On 3/1/11 10:02 AM, Andrew O. Zhukov wrote:
On 03/01/2011 10:49 AM, Daniel-Constantin Mierla wrote:
On 3/1/11 8:41 AM, Andrew O. Zhukov wrote:
I someone interested in . It's the old coredumps from 1.3.4. It's really much stabile then 1.5.5 I did degrade today night
version 1.3.x is openser only which became later kamailio, practically is no other option for this version.
Have you considered upgrading to latest stable (3.1.x) instead of downgrade?
Daniel, I sent you my config. How can I do it on a hi usage production server for a one night. The lot of fixes for a different buggy customers SIP and NAT devices which is impossible to retest again.
Sending the config is not enough, since I can not use it in my server, I do not have your kind of traffic.
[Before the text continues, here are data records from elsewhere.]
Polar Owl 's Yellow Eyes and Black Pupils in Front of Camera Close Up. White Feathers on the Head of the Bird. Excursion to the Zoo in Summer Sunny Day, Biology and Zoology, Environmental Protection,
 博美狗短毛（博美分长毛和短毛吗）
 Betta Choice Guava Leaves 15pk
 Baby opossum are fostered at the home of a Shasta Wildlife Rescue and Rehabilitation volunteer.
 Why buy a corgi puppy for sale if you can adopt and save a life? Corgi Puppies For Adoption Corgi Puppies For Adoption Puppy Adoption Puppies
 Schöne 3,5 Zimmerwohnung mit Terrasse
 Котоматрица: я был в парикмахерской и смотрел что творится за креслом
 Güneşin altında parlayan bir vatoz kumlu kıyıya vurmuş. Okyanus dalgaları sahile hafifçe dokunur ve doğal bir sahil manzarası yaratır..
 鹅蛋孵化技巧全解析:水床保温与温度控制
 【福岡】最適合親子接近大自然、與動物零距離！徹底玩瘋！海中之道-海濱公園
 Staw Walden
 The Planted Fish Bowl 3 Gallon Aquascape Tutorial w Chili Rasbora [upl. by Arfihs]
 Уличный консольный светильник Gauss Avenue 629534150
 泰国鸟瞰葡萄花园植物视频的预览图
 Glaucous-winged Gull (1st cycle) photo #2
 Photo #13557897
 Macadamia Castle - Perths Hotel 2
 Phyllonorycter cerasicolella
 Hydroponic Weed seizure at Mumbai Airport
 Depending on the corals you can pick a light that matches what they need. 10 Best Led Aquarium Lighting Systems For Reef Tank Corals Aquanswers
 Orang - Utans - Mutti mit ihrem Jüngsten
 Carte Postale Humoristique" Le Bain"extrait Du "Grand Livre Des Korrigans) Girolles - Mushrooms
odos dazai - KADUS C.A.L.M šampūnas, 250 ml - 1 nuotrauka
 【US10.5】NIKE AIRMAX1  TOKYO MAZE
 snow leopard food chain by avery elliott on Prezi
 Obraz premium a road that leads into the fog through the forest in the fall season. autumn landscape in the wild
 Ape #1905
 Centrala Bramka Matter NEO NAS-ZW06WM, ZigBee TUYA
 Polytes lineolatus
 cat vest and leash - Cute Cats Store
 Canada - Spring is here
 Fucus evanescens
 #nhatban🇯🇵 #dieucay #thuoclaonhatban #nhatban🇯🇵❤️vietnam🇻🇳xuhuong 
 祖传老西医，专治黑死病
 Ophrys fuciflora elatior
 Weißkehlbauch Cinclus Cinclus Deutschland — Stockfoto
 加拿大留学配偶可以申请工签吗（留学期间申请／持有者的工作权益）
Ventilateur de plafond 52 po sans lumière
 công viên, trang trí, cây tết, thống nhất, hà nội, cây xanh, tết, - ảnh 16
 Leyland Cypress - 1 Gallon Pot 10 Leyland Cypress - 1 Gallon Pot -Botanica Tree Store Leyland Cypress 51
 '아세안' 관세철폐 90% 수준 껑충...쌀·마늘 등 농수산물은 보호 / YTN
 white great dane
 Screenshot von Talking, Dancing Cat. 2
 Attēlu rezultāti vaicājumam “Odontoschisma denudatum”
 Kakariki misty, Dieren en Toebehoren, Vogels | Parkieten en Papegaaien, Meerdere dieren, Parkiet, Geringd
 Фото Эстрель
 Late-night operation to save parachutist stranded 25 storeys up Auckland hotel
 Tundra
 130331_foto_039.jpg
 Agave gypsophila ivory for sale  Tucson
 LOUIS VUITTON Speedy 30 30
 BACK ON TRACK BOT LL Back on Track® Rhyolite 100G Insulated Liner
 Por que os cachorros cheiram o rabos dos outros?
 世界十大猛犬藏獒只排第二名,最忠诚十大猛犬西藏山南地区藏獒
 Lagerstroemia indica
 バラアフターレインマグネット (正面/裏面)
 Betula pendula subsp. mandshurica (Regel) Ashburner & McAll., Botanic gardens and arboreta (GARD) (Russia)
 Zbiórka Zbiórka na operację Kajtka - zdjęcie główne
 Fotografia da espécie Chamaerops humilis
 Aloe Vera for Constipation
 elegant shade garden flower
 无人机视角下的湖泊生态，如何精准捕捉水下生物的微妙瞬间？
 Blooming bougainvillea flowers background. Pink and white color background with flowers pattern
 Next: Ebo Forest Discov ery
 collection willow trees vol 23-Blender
The config is good when is some misrouting or syntax error, but for this specific case the investiagation of core and adding some patches to print more information when the crash is happening is the way to solve.
I sent you some patches, that were not good enough because I had no 1.5 around and I was offline. More than that, I can count 3-4 more developers that tried to help you on the public mailing list, even you play with very old versions. As said, everyone tries to do it in available time and its own conditions.
I would need access to the server to investigate the core dump myself -- you offered that but being traveling was not for me at that time. My interest is to discover if it something that affects 3.x, although we changed the internal architecture a lot, might be some cases existing in 1.x still applying in 3.x
What I don't understand is the complain regarding testing. When you did the upgrade to 1.5 from 1.3, you had to do changes everywhere, there were major versions. Same would be for a migration from 1.5 to 3.1. You can even have them both installed, using shared database so you can start/restart with older or newer versions. I did it many times and it goes smooth, just few tables have changed the structure, for that case you can use different databases.